At the root of the anger is a requirement from the International Monetary Bank that Haiti drop historic subsidies for fuel, thereby raising the cost of gasoline and diesel. It follows years of corruption charges leveled against President Jovenel Moise, members of Parliament and other leaders in the PetroCaribe scandal.

The country came to a standstill. Prime Minister Jack Guy Lafontant reversed the fuel price increase, but protestors stayed in the street, calling for his ouster. He resigned on July 13, bringing calm to the city, but that calm is only skin-deep. A simmering anger remains.

FONDAMA’s coordinator Fabienne Jean and other civil society leaders met in early August to determine ways to reach out to government officials in response to the decades-long corruption. Together, they asked for transparency in the government, an end to the lawlessness, justice reform, and even a new Constitution.

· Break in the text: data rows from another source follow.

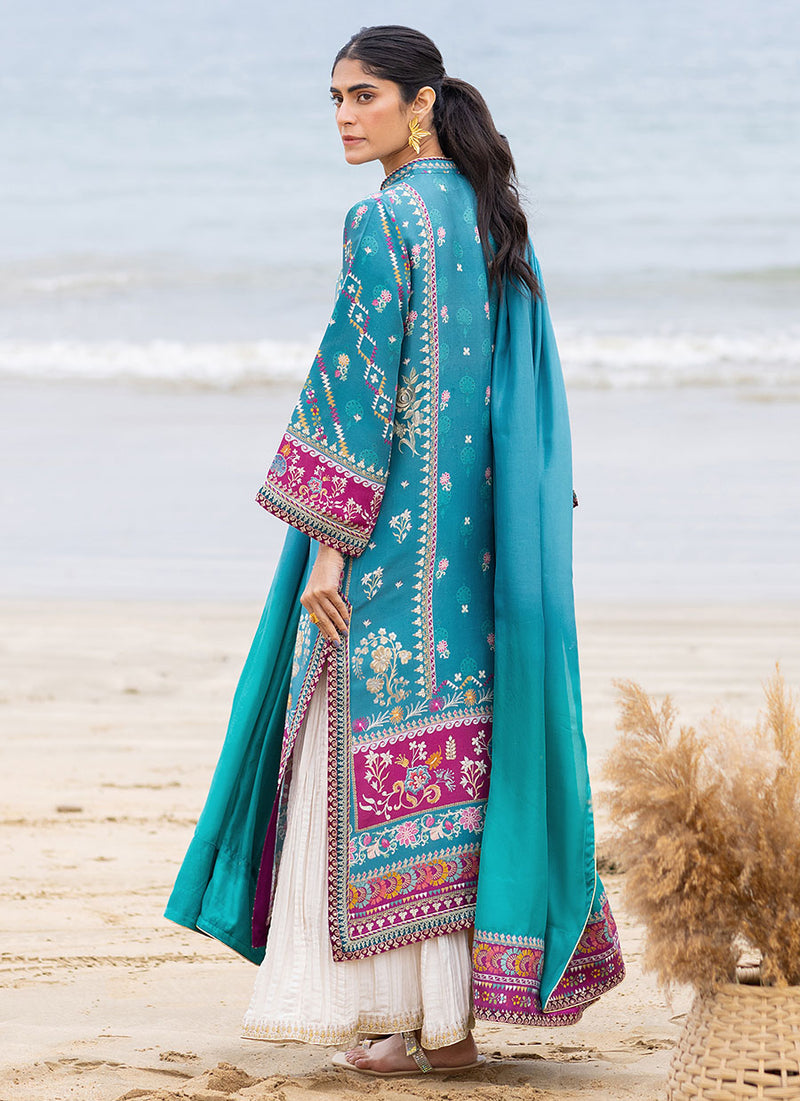Oceana Teal Shirt and Dupatta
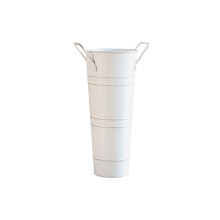 Hvit galvanisert metallbøttevase 25x15cm
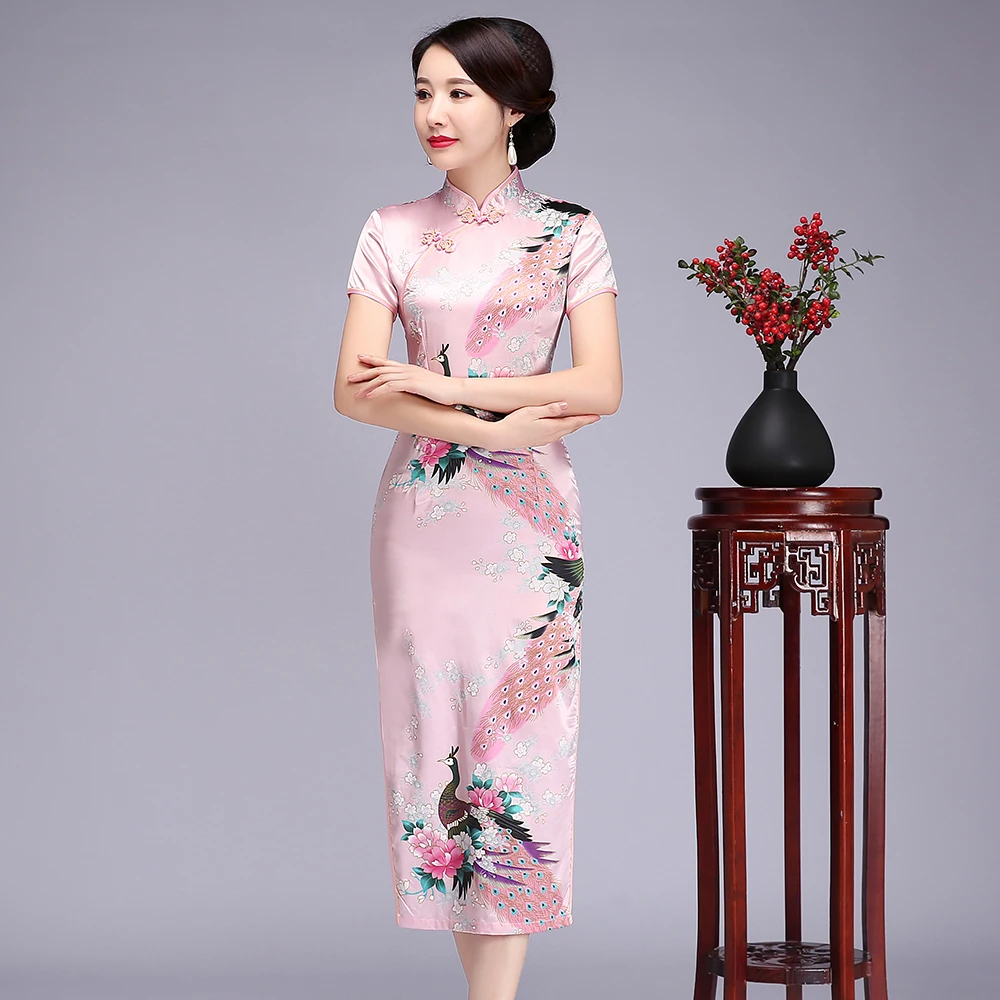 Винтаж для женщин печати Cheongsam классический цветок атласное платье китайский стиль шоу на сцене платья для платья большого размера Qipao Vestido 5XL 6XL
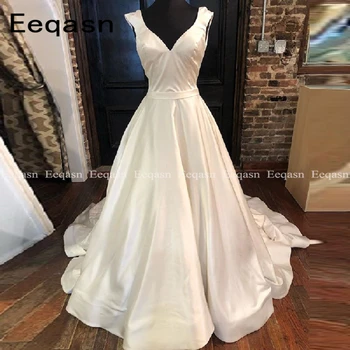 

Real Photo Wedding Dresses 2020 V Neck Sleeveless A Line Backless White Satin Bridal Bride Dress vestido de noiva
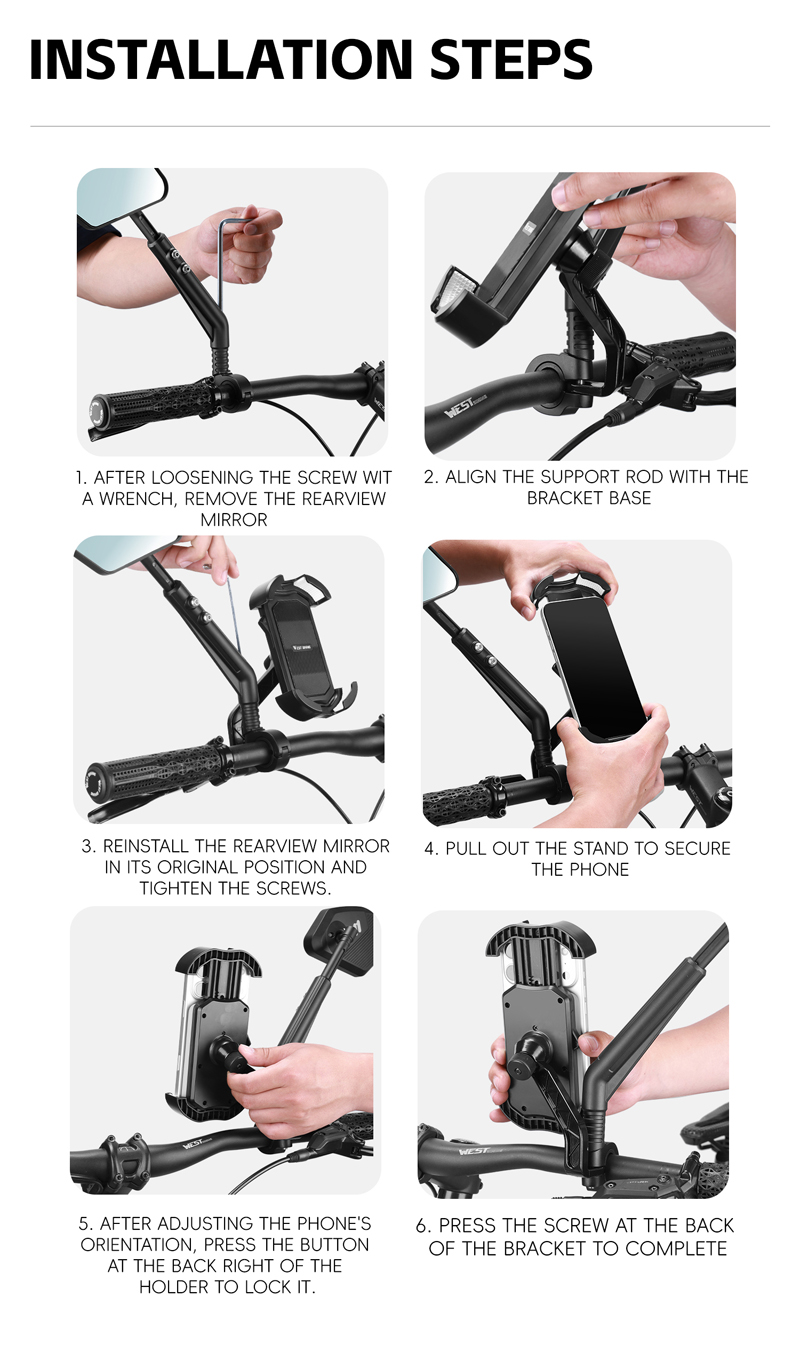 Supplier installation steps for the rearview-mirror version: remove the mirror with a wrench, line up the holder's support rod, refit the mirror and lock the phone — Zeus eBikes Canada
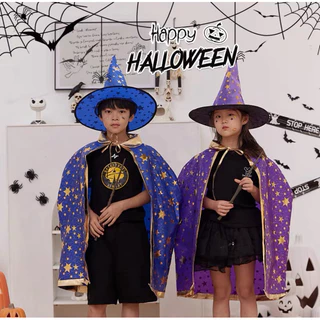 ส่งจาก กทม.ชุดฮาโลวีน หมวก+ เสื้อคลุม แม่มด พ่อมด Halloween ชุดเด็ก ชุดฮาโลวีน ชุดแฟนซี ชุดเด็กผู้หญิง ชุดเด็กผู้ชาย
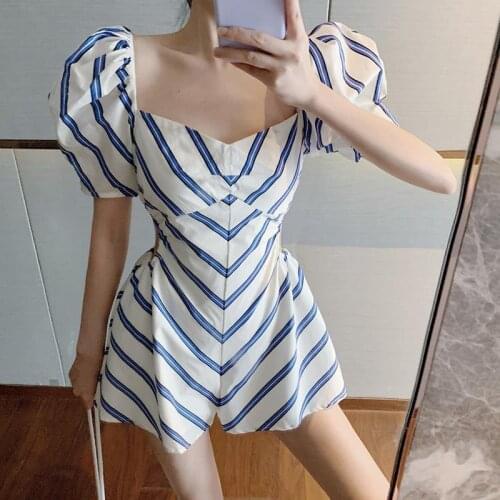 2021 Korea Vintage Sleeveless Jumpsuits Summer Short Sleeve Wide Leg Pants Elegant Lady Casual Short Rompers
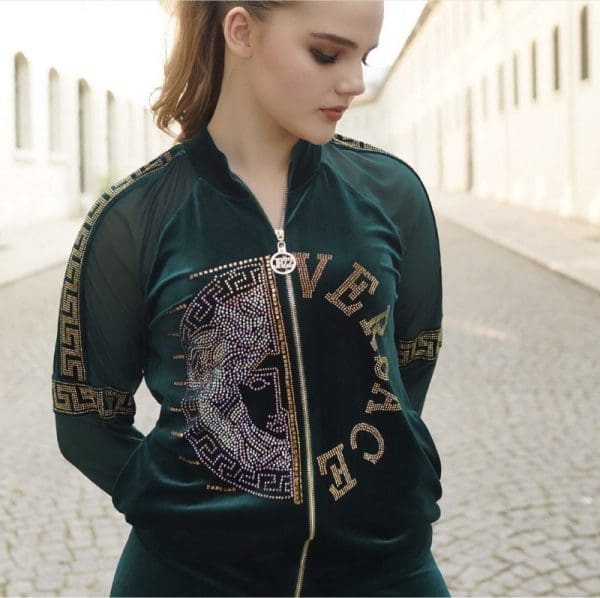 Women 2 PCs Outfit Set Soft Velvet Formal/Casual Wear Tracksuit With Bold Design Green & Wine - Image 16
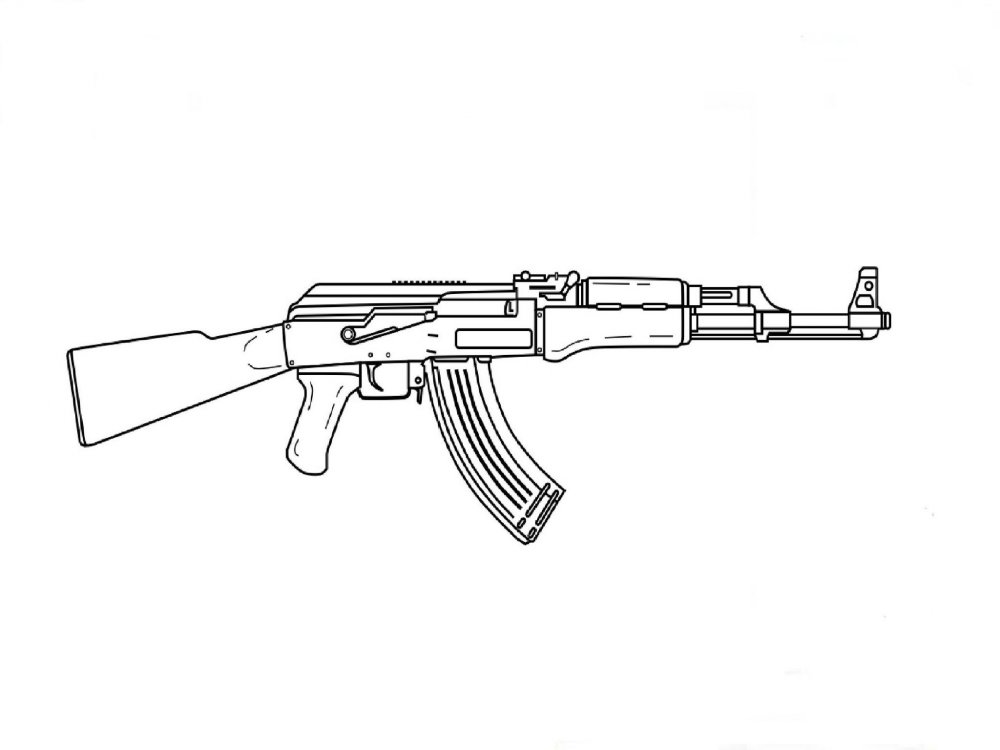 Автомат Калашникова АК-47 контур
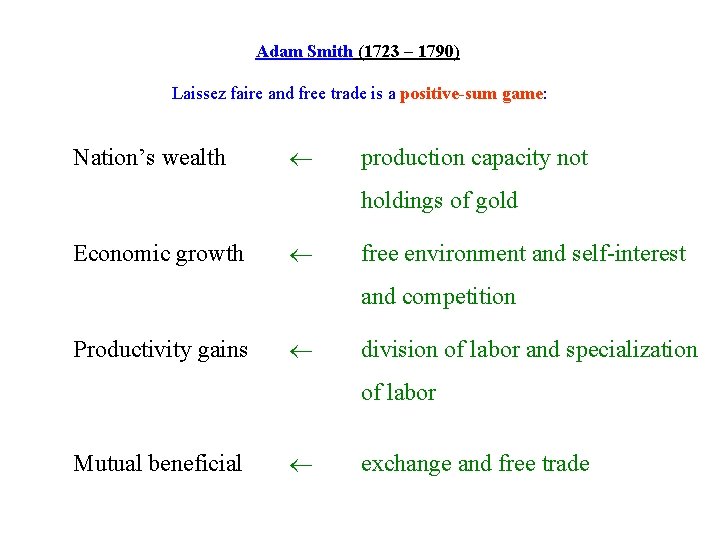 Adam Smith (1723 – 1790) Laissez faire and free trade is a positive-sum game:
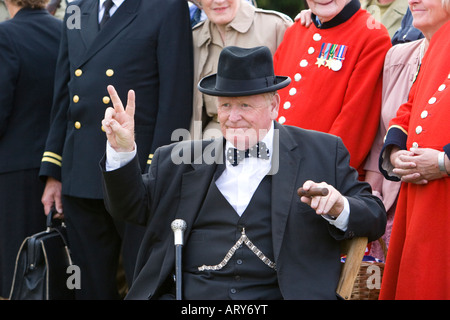 Während des Krieges Premierminister Sir Winston Churchill Lookalike auf WWII Reenactment Veranstaltung Stockfoto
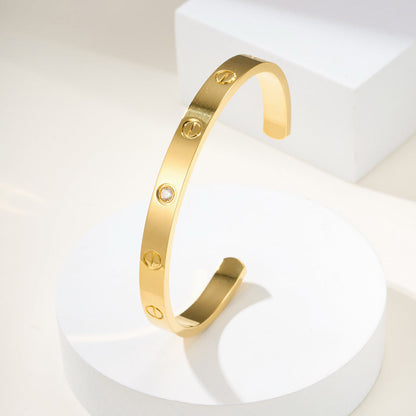 [ELAN LUXE]LOVE BRACELET 6.1MM 1 DIAMOND OPEN CUFF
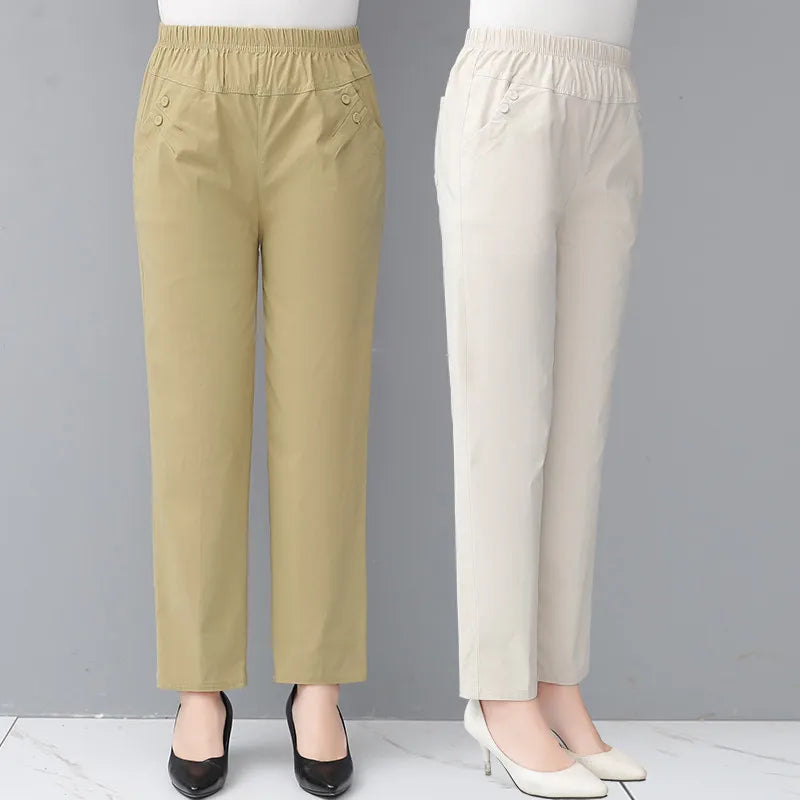 Middle Aged And Old Women Spring White Pants Thin Elastic Waist Straight Pants Mother Ankle-Length Trousers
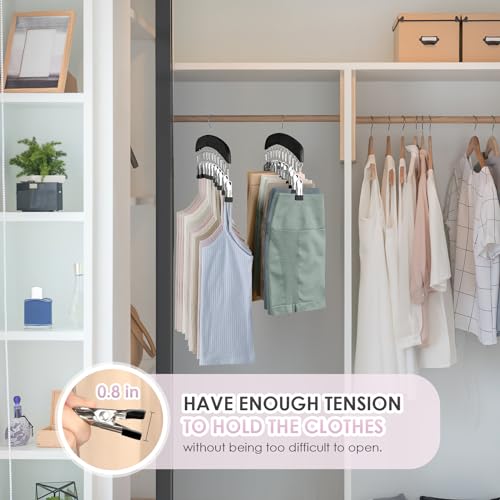 Wooden Leggings Hangers, Scarf Hangers for Closet, Black, 2 Pcs | 24 Clips, 360° Swivel Hook, Hanging Storage Organizer for Scarves, Pants, Hats, Skirts, Bras, Camisoles, Tank tops, Gloves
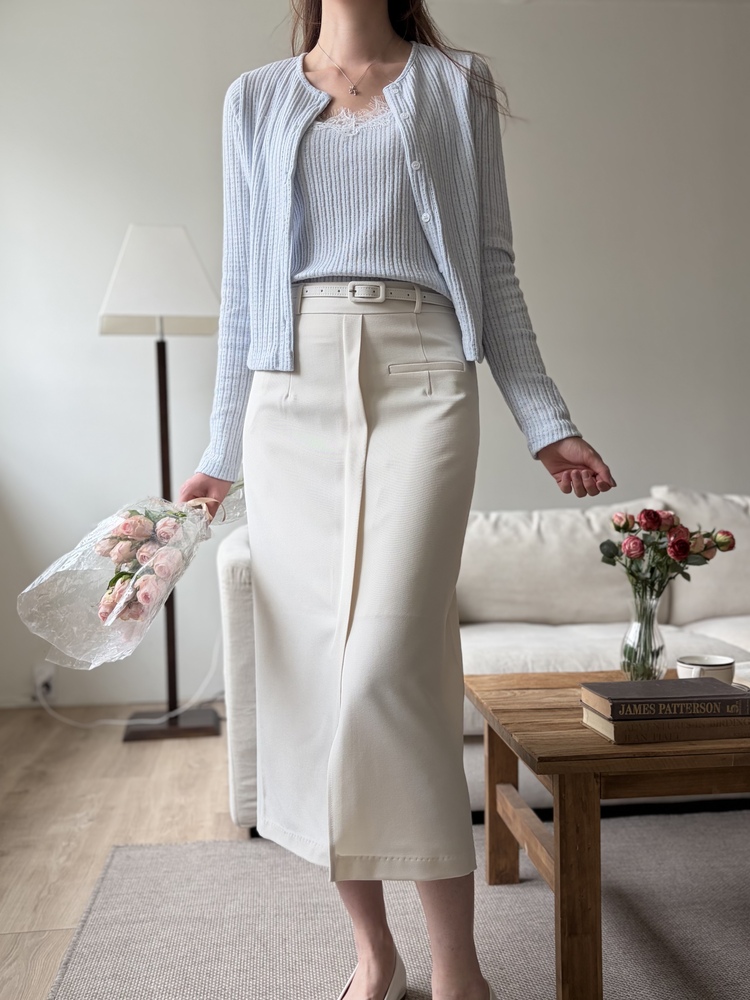 Belted Pencil Skirt (Ivory)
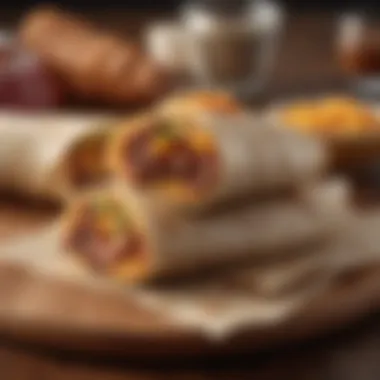 A variety of breakfast wraps displayed to highlight alternatives to the Dunkin' Sausage Wake-Up Wrap.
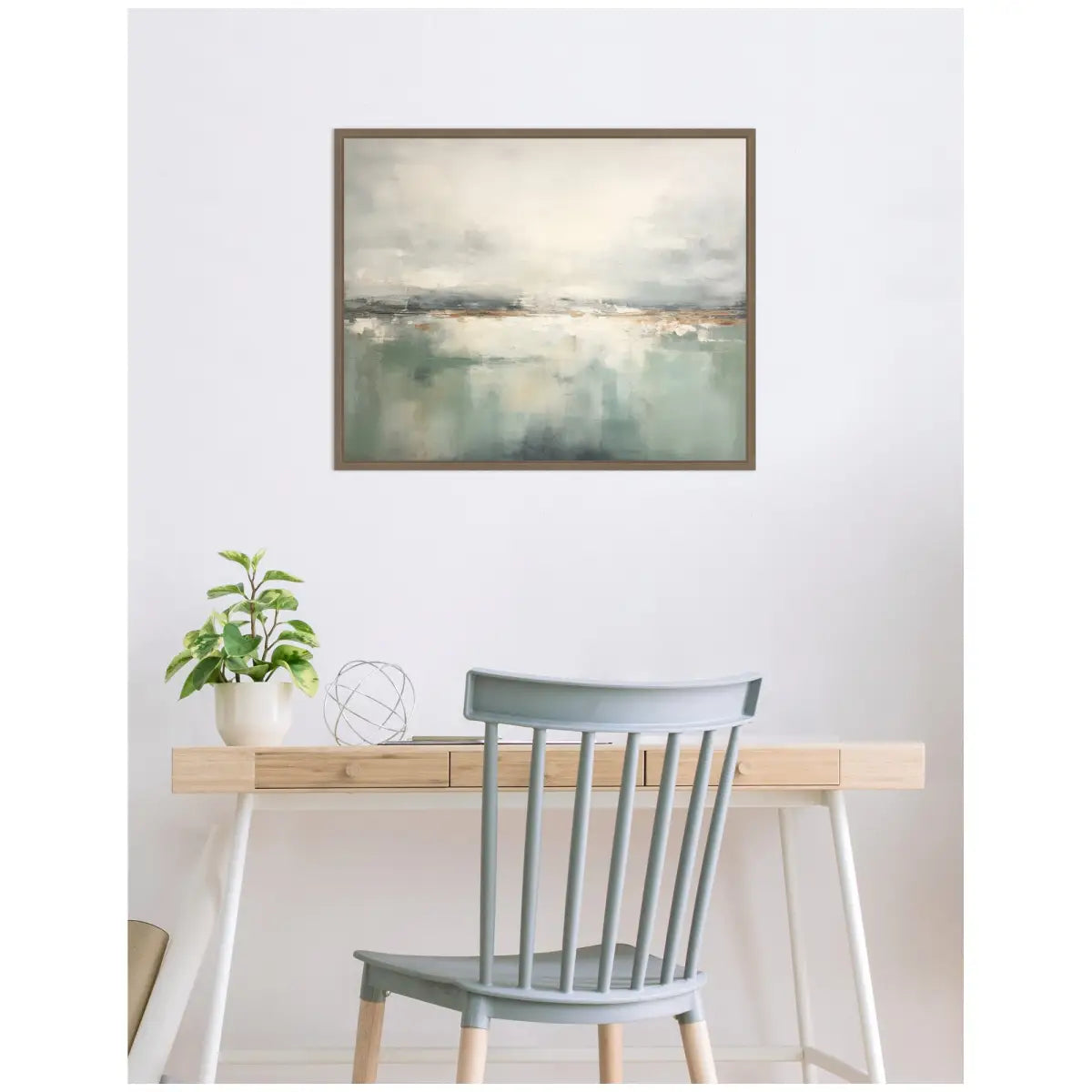 Subtle Abstract Gray Green Horizon Framed Canvas Wall Art Print - kateandlaurel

FONDAMA, the Joining Hands network in Haiti, (Hands Together Foundation of Haiti) has been pecking away at the root causes of this country’s dire poverty:

1.      To combat the effects of climate change that bring catastrophic storms or starving drought, FONDAMA members have led training sessions in rural communities, including sessions about climate change and its effects and issues creating poverty in other parts of the country.

2.      To combat food imports that undermine the small profits of local producers, FONDAMA members have supported local farmers and found ways to bring farmers from all regions together. Also, FONDAMA has offered training in different forms of advocacy, how each organization can play a role in network-wide advocacy campaigns and the power of advocacy against corrupt governments,

3.      To combat land-grabbing, members of FONDAMA have organized, written letters to industries taking land from poor farmers, initiated conversations with the International Development Bank and anticipated future land vulnerable to gluttonous businesses or corrupt government leaders.

4.      FONDAMA sponsored a conference in early June, attended by people from organizations, civil society groups and the media, to highlight issues of climate change, food imports and land grabbing, and search for solutions.

5.      And in each of these steps, and many others not mentioned here, FONDAMA is working with its hundreds of thousands of members in nine of the 10 departments (states), making it known to elected leaders and prospective candidates that the people expect positive change. But inflation and misery continue to rise.

It’s early yet. We do not know when change will come. But immense frustration at the poor conditions in which Haitians are living has lit a fire in the streets, and civil society, FONDAMA included, is at the table to press elected leaders for change. And while we do that, we continue our work in rural communities, educating and training new leaders for a better tomorrow.